Ni una cosa más en la calle

12 septiembre, 2016
por Juan Palomar Verea

14333593_1169288633133419_4170603323568740955_nFotografía: Pablo Goldin.

Ni un poste, un árbol, un puesto de periódicos, una banca, una pila. Ni un anuncio, un basurero, un enladrillado o un adoquín, ni una fachada o un cancel. Ni una tapa de registro, un buzón, una escultura, un monumento. Nada que no sea plenamente digno de la ciudad debe ponerse en la calle, en el espacio público. Por ningún motivo.

Las calles, plazas, jardines o rinconadas son la expresión inteligible de la ciudad. Son los ámbitos compartidos que representan puntualmente a toda la comunidad, a cada uno de sus individuos.
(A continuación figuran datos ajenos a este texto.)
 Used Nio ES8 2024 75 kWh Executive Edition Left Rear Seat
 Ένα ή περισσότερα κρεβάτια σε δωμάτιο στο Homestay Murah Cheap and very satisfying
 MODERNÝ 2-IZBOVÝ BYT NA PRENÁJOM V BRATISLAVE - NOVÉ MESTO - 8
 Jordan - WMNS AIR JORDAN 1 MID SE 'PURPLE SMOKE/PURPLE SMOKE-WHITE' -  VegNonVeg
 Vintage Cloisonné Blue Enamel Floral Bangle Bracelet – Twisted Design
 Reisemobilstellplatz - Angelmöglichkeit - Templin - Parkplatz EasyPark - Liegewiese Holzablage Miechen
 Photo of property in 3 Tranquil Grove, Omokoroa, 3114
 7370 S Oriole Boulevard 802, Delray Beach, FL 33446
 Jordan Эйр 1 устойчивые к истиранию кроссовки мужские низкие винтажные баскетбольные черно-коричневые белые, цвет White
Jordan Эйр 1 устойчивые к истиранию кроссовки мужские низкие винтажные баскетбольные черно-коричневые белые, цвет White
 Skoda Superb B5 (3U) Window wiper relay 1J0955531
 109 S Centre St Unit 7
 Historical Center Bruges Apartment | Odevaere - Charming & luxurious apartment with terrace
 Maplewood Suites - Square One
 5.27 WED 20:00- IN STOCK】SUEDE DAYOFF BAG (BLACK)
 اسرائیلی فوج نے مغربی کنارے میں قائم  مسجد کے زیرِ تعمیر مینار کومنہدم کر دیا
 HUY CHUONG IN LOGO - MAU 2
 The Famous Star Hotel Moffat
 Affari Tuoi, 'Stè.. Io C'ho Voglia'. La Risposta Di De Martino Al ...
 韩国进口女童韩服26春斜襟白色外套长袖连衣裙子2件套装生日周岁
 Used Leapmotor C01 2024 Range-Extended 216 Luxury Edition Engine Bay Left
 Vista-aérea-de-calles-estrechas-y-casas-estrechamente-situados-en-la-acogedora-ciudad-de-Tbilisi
Por ello deben ser tratados con el máximo cuidado, con el mayor esmero, con acendrado cariño. Ese conjunto de espacios y expresiones físicas entre los que nos movemos a diario somos nosotros, nos guste o no. Para bien o para mal nos identifican, dan razón de nuestra calidad vital. Son un enorme espejo: turbio, deformante, engañoso; o, cuando las cosas se hacen correctamente, justo y bondadoso.

Por eso es tan grave la obligación de la autoridad de velar para que los entornos públicos tengan la máxima propiedad en todos los sentidos. Durabilidad, decoro, utilidad, belleza: son cuatro notas contra las que es preciso medir cada elemento que exista en los contextos públicos. Y esto, por elemental búsqueda de la dignidad y la justicia. Cada agresión al ámbito comunitario sobaja a sus habitantes, demerita su vida, los somete a una violencia no por implícita menos presente.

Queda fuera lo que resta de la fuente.